Data shown section start
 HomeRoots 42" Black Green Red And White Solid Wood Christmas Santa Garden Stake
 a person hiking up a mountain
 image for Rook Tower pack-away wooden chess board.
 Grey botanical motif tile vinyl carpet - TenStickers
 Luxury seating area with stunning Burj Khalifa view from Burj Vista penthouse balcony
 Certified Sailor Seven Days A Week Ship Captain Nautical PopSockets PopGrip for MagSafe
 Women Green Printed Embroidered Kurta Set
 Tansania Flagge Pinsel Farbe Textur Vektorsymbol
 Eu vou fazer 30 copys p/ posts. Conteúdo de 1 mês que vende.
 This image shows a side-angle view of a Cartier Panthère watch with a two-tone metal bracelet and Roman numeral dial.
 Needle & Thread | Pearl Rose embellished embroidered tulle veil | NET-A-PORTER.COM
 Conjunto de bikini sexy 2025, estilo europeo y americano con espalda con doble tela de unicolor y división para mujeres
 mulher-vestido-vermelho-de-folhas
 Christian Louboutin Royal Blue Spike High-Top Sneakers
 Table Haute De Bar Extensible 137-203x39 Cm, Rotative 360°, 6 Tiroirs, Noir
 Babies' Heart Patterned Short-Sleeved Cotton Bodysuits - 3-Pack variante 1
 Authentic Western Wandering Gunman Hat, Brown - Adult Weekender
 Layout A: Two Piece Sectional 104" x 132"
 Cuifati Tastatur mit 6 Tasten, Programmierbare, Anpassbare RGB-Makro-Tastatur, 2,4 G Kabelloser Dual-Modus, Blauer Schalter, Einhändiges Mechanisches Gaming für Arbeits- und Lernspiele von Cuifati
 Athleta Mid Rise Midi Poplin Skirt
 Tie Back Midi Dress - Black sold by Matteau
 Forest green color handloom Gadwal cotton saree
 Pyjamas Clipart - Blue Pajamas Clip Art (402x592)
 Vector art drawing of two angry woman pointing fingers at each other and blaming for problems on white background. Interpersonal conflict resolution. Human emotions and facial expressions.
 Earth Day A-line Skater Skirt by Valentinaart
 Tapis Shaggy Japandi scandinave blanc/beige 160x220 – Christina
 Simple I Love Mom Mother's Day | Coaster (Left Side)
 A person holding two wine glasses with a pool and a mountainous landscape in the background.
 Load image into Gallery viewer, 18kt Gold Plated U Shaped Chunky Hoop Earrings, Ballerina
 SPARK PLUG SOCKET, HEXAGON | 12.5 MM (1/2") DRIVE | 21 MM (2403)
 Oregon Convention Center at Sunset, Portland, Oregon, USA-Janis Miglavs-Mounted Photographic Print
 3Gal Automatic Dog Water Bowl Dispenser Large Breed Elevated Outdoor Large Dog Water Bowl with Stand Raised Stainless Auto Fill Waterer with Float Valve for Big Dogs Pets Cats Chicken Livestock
Data shown section end
[Activity]:
Print exactly, and only, the lines from the line containing "SPARK PLUG SOCKET, HEXAGON" through the final line of the records, both included.

[Task solution]:
 SPARK PLUG SOCKET, HEXAGON | 12.5 MM (1/2") DRIVE | 21 MM (2403)
 Oregon Convention Center at Sunset, Portland, Oregon, USA-Janis Miglavs-Mounted Photographic Print
 3Gal Automatic Dog Water Bowl Dispenser Large Breed Elevated Outdoor Large Dog Water Bowl with Stand Raised Stainless Auto Fill Waterer with Float Valve for Big Dogs Pets Cats Chicken Livestock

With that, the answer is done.